◆ **WORK INSTRUCTION**
Could you return the full listing below exactly as it appears?

★ ★ ★ ★

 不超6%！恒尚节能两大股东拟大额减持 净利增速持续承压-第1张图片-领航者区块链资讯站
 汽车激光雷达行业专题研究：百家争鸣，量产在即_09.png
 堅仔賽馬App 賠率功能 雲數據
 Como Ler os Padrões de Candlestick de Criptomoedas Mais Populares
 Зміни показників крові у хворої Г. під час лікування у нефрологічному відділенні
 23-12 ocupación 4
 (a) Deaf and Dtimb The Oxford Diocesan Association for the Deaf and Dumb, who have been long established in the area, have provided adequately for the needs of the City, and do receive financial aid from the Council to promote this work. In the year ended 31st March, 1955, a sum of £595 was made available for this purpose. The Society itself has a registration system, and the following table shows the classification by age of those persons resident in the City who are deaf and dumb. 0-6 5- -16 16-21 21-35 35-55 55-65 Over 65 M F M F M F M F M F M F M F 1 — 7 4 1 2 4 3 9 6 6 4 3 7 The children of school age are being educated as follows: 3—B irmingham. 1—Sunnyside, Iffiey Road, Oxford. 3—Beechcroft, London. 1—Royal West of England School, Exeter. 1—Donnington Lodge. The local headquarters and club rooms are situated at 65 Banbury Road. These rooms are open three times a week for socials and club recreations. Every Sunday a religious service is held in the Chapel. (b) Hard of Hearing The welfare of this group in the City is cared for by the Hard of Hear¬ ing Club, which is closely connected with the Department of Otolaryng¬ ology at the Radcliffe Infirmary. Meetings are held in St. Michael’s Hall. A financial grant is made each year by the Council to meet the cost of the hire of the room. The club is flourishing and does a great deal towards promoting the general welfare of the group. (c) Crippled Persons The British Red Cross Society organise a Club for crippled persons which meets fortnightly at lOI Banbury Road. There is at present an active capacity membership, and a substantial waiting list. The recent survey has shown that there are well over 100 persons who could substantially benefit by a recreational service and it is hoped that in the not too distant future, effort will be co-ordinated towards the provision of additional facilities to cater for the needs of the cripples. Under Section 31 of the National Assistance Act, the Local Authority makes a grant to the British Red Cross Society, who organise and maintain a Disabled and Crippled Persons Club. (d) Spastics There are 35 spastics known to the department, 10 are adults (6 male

★ ★ ★ ★

◆ **RESULT OF THE TASK**
 不超6%！恒尚节能两大股东拟大额减持 净利增速持续承压-第1张图片-领航者区块链资讯站
 汽车激光雷达行业专题研究：百家争鸣，量产在即_09.png
 堅仔賽馬App 賠率功能 雲數據
 Como Ler os Padrões de Candlestick de Criptomoedas Mais Populares
 Зміни показників крові у хворої Г. під час лікування у нефрологічному відділенні
 23-12 ocupación 4
 (a) Deaf and Dtimb The Oxford Diocesan Association for the Deaf and Dumb, who have been long established in the area, have provided adequately for the needs of the City, and do receive financial aid from the Council to promote this work. In the year ended 31st March, 1955, a sum of £595 was made available for this purpose. The Society itself has a registration system, and the following table shows the classification by age of those persons resident in the City who are deaf and dumb. 0-6 5- -16 16-21 21-35 35-55 55-65 Over 65 M F M F M F M F M F M F M F 1 — 7 4 1 2 4 3 9 6 6 4 3 7 The children of school age are being educated as follows: 3—B irmingham. 1—Sunnyside, Iffiey Road, Oxford. 3—Beechcroft, London. 1—Royal West of England School, Exeter. 1—Donnington Lodge. The local headquarters and club rooms are situated at 65 Banbury Road. These rooms are open three times a week for socials and club recreations. Every Sunday a religious service is held in the Chapel. (b) Hard of Hearing The welfare of this group in the City is cared for by the Hard of Hear¬ ing Club, which is closely connected with the Department of Otolaryng¬ ology at the Radcliffe Infirmary. Meetings are held in St. Michael’s Hall. A financial grant is made each year by the Council to meet the cost of the hire of the room. The club is flourishing and does a great deal towards promoting the general welfare of the group. (c) Crippled Persons The British Red Cross Society organise a Club for crippled persons which meets fortnightly at lOI Banbury Road. There is at present an active capacity membership, and a substantial waiting list. The recent survey has shown that there are well over 100 persons who could substantially benefit by a recreational service and it is hoped that in the not too distant future, effort will be co-ordinated towards the provision of additional facilities to cater for the needs of the cripples. Under Section 31 of the National Assistance Act, the Local Authority makes a grant to the British Red Cross Society, who organise and maintain a Disabled and Crippled Persons Club. (d) Spastics There are 35 spastics known to the department, 10 are adults (6 male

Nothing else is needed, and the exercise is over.